A Classification System for the Risk Assessment of Roof Water Inrush of Coal Mines
摘要
Rock-mass classification systems provide a powerful approach for geomechanical characterization and risk assessment but face limitations in assessing roof water inrush risk in coal mines. A mechanism-oriented classification system is proposed for roof water inrush risk assessment in coal mines based on 81 inrush cases. The system first categorizes the inrush mechanism as either water-conducting fracture inrush (WCFI) or burst inrush from high-level separation layers (BIHSL) based on a discriminant criterion.

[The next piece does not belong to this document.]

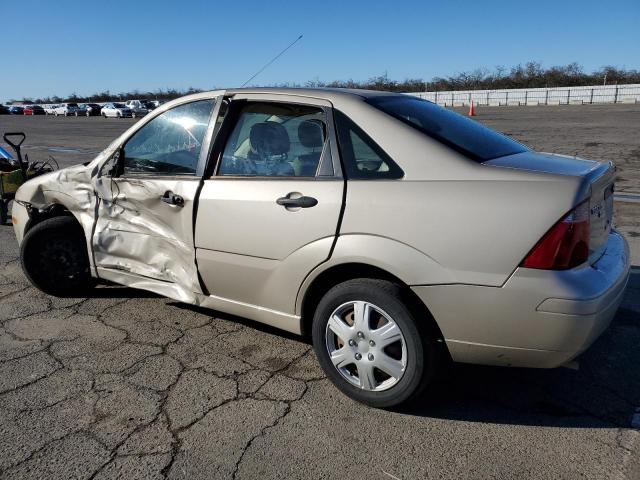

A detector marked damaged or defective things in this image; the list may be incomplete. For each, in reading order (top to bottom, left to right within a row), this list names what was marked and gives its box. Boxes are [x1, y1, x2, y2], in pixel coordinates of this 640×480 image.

damaged tan sedan [10, 89, 632, 404]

A tailored evaluation index system is then applied, which includes a dedicated risk indicator specific to BIHSL. To construct a robust scoring table resilient to the limitations of a relatively small dataset, we integrated expert knowledge through the analytic hierarchy process (AHP) to establish stable indicator weights, thereby reducing reliance on purely data-driven fitting. Subsequently, the XGBoost algorithm coupled with SHAP (SHapley Additive exPlanations) analysis was used to objectively determine the grading thresholds, a process that leverages model interpretability rather than overwhelming data volume. This AHP-XGBoost-SHAP based scoring framework was applied to 81 documented cases. The resulting composite risk scores demonstrated a strong quantitative correlation with actual water inflows, achieving high goodness-of-fit (R2 = 0.78 for WCFI under a linear model; R2 = 0.90 for BIHSL under a polynomial model). This validates the system's capability for both qualitative risk classification into five levels (I-V) and for accurate quantitative inflow prediction. The final risk maps, defining permitted, restricted, and prohibited mining zones, provide a practical and mechanistic tool for groundwater hazard management.